少し緊張しながら正座をして座り直すと、和多流くんも正座をした。
頭にタオルをかけたままじーっとおれを見る。
「改めて話って、何?」
「・・・涼くんは、セックス、好き?」
いきなりの問いかけに驚いて目を丸くすると、困った顔をしてタオルを取った。
手の中でくしゃくしゃにしながらポツポツと呟く。
「涼くんが恥ずかしがり屋なのは知ってるんだけどさ、なんと言いますか、その、」
「えぇーっと、うん、はい、」
「・・・毎日したいって言ってくれたじゃん?」
「うん・・・ちょっと、無理だなとは思ったけどね。仕事の都合とかもあるし・・・」
「うん、それは、いいんだけど、・・・」
歯切れが悪い。とても悪い。
でもなんとなく言いたいことは分かる。
本当はもっとしたいんだろうな。
性欲強いって自分で言ってたし。
でも時間が限られてるからなぁ・・・。結構休みの日にしていても、同じように毎日したいのかもしれない。

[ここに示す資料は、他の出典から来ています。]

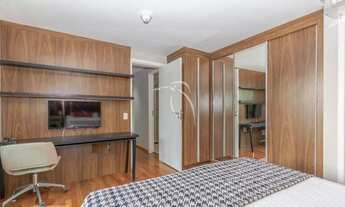 Imagem 2: Apartamento para aluguel tem 148 metros quadrados com 3 quartos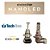 LAMPADA NANO LED MICRO EDITION 12V 6000K HB3 CODE - Imagem 2
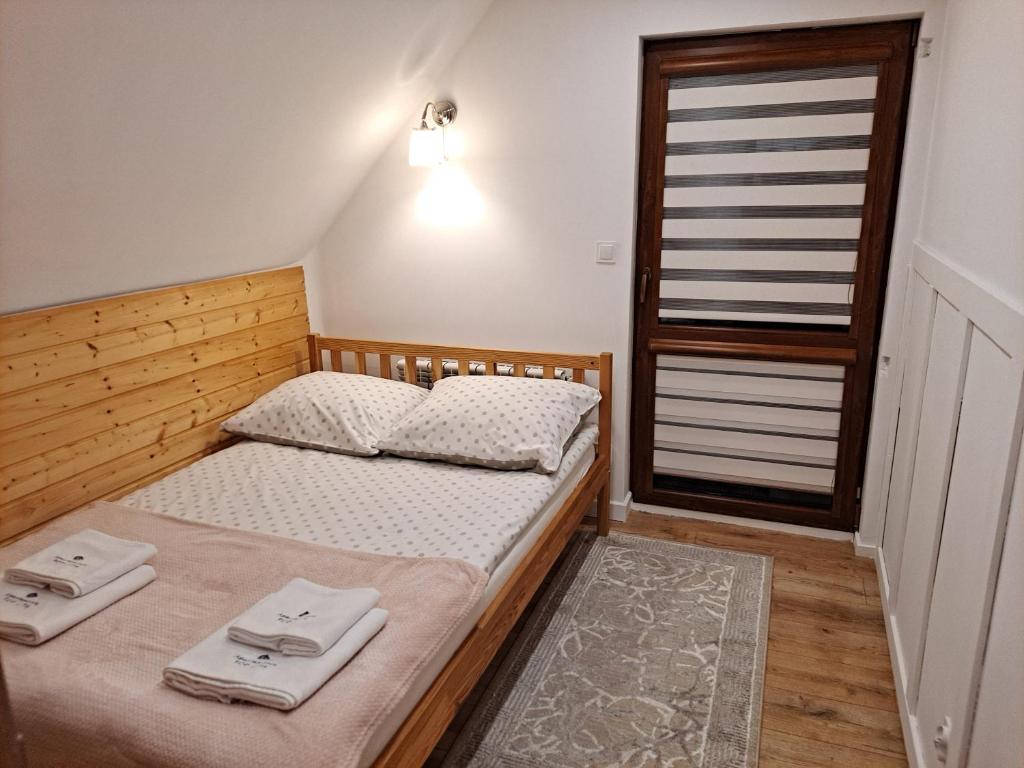 Apartament 4 osobowy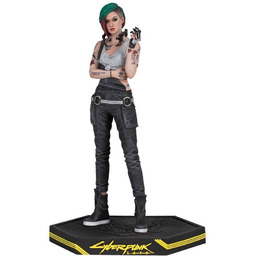 Figurka Cyberpunk 2077 - Judy Alvarez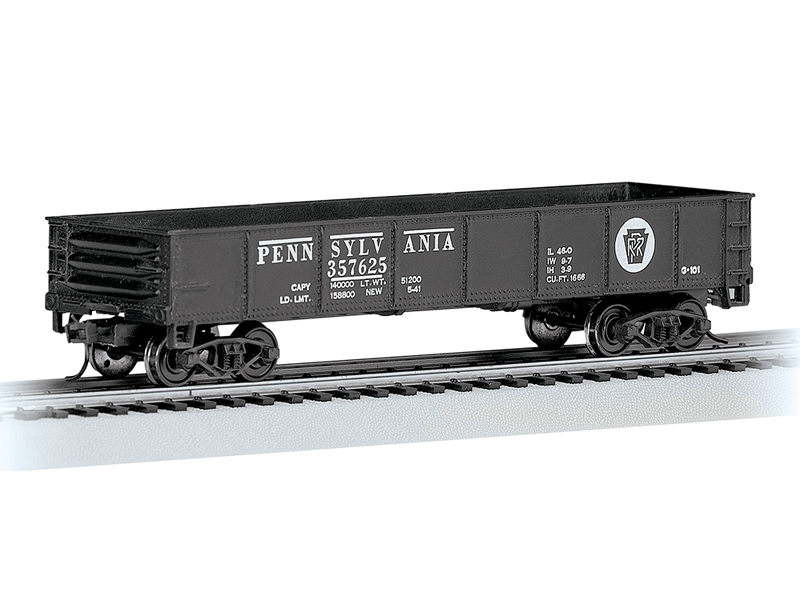 nákladní vůz otevřený Pennsylvania Bachmann 17202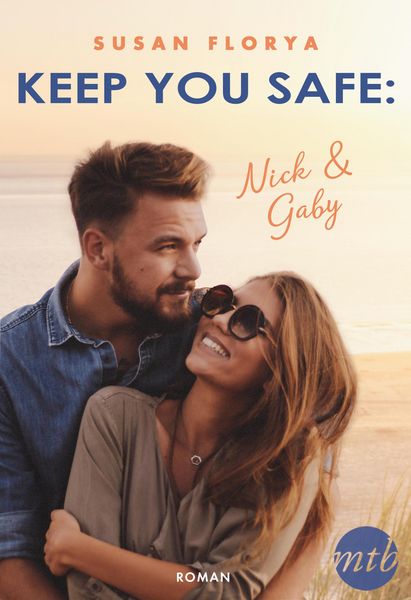 Produktbild: Keep You Safe - Nick & Gaby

でも、でも、時間がなぁ・・・。あとはおれのお尻がなぁ・・・。
「ごめん、はっきり言う」
「へ!?」
急に大きな声で言われて飛び跳ねる。
まじまじと顔を見て言葉を待つと、和多流くんはゆっくり口を開いた。
「いやとか、やめてとか、あれは本心?本当に嫌なの?」
予想外の言葉に声を失う。
和多流くんは非常に不満そうだった。
******************
ぼんやりしながら自分の席に座っていると、頭にファイルが落ちてきた。
あまりの痛みに頭を抑えると、成瀬さんの声が降ってきた。
「質問があると、生徒がお待ちだぞ」
「うぐ、ぐ、はい・・・!」
角があたったに違いない。めちゃくちゃ痛いし。
廊下に出ると水出くんが立っていた。
つい頬が緩む。彼みたいな子が自分の意思でおれのクラスに戻ってきてくれるなんて思わなかったので、すこーしだけ特別視してしまう。
エコ贔屓はしないけど、でもやっぱり嬉しかった。
「どこかわからないところあった?」
「いえ、ずっと聞きたかったんですけど、これってどの参考書に載ってますか?」
「え?」
プリントを差し出されたので確認をする。確かにおれが作ったプリントだった。
「これ、おれが作ったやつだから参考書に載ってないよ」
「え、そうなんですか。これ、やりがいがあるから欲しかったんですけど・・・」
残念そうな顔になった。
珍しい。意外と感情が表に出るんだ。
「あげるよ。前に作ったやつも」
「・・・え、でも、」
「すぐプリントできるから待ってて」
「あ、じゃぁ、3部ください」
「3部?」
「・・・その、別のクラスに友達がいるので・・・」
友達が来てるんだ。
そういえば直哉が一つ下のクラスにいたっけ。同じ高校だし、もしかして友達って直哉のこと?いやでも、タイプがかなり違うから友達って感じじゃなさそうだな。話を聞いたこともないし。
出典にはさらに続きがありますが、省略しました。